● PROBLEM
Please give back, word for word, only the lines starting at the one containing "page,3,top 100 interesting" and ending at the one containing "Plakat - Group" within the material below.

● MATERIAL PROVIDED
'''

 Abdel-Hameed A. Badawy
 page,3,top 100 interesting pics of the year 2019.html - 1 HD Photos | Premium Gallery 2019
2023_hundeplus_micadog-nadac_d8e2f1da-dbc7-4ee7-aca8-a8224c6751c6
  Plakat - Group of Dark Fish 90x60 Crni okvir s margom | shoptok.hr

'''
'''

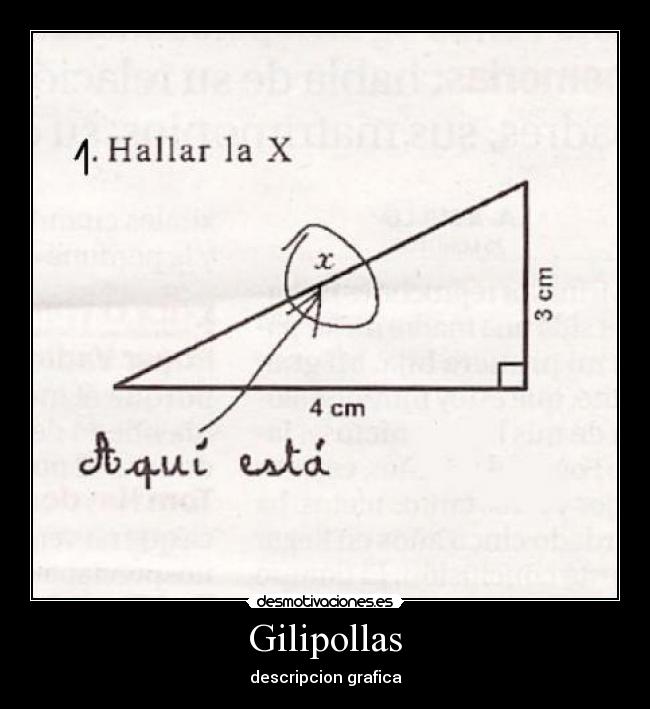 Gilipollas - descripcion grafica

'''

● EXERCISE ANSWER
 page,3,top 100 interesting pics of the year 2019.html - 1 HD Photos | Premium Gallery 2019
2023_hundeplus_micadog-nadac_d8e2f1da-dbc7-4ee7-aca8-a8224c6751c6
  Plakat - Group of Dark Fish 90x60 Crni okvir s margom | shoptok.hr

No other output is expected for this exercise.